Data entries
-- -- --

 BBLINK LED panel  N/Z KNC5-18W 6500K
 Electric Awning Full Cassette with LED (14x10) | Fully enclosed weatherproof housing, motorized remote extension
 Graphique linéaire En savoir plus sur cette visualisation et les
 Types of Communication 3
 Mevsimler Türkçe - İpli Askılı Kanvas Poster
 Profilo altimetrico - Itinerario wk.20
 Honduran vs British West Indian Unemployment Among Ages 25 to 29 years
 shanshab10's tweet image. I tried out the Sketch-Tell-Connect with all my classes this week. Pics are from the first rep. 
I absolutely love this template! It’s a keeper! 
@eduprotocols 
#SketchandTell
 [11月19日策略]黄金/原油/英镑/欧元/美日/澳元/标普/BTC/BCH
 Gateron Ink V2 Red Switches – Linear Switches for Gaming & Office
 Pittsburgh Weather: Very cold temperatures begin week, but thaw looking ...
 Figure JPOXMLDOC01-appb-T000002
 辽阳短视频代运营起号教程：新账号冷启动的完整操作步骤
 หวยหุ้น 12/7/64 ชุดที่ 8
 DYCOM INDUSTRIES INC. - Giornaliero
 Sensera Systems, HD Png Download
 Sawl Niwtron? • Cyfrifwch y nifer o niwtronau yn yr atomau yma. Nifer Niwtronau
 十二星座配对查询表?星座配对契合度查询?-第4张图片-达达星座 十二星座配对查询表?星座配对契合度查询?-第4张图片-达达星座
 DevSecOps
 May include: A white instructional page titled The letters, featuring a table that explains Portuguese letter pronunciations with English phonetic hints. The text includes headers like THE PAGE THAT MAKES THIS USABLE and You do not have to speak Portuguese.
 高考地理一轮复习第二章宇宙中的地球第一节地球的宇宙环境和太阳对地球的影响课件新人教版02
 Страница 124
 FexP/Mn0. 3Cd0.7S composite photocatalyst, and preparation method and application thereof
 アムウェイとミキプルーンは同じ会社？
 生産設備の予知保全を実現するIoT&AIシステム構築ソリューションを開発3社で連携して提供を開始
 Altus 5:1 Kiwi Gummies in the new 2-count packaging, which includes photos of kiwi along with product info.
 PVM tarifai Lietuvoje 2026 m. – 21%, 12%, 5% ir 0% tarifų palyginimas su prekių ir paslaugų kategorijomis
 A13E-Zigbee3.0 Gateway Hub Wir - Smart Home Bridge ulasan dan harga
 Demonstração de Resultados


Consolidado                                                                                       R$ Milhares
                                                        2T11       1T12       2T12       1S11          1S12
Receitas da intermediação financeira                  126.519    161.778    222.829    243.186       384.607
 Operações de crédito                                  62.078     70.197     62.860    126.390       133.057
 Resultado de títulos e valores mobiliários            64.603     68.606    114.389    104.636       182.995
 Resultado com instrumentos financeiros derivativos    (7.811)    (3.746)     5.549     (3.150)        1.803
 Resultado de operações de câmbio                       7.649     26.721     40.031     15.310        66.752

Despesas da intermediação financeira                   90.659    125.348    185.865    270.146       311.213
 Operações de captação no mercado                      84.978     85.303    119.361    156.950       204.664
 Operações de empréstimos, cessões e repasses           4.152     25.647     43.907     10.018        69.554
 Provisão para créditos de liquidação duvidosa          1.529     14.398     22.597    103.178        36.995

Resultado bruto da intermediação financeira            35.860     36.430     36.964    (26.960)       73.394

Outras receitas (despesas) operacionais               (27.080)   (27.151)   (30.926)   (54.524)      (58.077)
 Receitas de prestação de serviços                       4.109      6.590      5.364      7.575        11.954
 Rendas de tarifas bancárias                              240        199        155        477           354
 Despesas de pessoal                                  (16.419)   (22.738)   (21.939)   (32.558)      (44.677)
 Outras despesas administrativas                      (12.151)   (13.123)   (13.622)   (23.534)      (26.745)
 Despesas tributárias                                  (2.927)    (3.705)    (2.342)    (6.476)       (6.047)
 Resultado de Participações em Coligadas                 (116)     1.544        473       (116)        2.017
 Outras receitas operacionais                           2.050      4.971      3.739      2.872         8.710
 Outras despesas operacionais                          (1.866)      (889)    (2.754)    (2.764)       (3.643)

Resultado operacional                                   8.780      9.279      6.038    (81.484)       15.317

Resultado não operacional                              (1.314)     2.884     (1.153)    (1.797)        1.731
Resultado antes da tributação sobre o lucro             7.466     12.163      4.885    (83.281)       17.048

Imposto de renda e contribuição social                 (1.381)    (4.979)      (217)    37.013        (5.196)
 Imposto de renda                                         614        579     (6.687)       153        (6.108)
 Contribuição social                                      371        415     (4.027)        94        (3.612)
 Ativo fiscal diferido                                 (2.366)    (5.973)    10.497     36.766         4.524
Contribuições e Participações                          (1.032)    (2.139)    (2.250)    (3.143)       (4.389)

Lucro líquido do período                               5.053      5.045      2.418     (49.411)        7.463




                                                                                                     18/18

-- -- --

§ **What the task requires**: Transcribe exactly, and only, the lines from the one with "Despesas de pessoal" through the last line of the data.

§ **Task response**:
 Despesas de pessoal                                  (16.419)   (22.738)   (21.939)   (32.558)      (44.677)
 Outras despesas administrativas                      (12.151)   (13.123)   (13.622)   (23.534)      (26.745)
 Despesas tributárias                                  (2.927)    (3.705)    (2.342)    (6.476)       (6.047)
 Resultado de Participações em Coligadas                 (116)     1.544        473       (116)        2.017
 Outras receitas operacionais                           2.050      4.971      3.739      2.872         8.710
 Outras despesas operacionais                          (1.866)      (889)    (2.754)    (2.764)       (3.643)

Resultado operacional                                   8.780      9.279      6.038    (81.484)       15.317

Resultado não operacional                              (1.314)     2.884     (1.153)    (1.797)        1.731
Resultado antes da tributação sobre o lucro             7.466     12.163      4.885    (83.281)       17.048

Imposto de renda e contribuição social                 (1.381)    (4.979)      (217)    37.013        (5.196)
 Imposto de renda                                         614        579     (6.687)       153        (6.108)
 Contribuição social                                      371        415     (4.027)        94        (3.612)
 Ativo fiscal diferido                                 (2.366)    (5.973)    10.497     36.766         4.524
Contribuições e Participações                          (1.032)    (2.139)    (2.250)    (3.143)       (4.389)

Lucro líquido do período                               5.053      5.045      2.418     (49.411)        7.463




                                                                                                     18/18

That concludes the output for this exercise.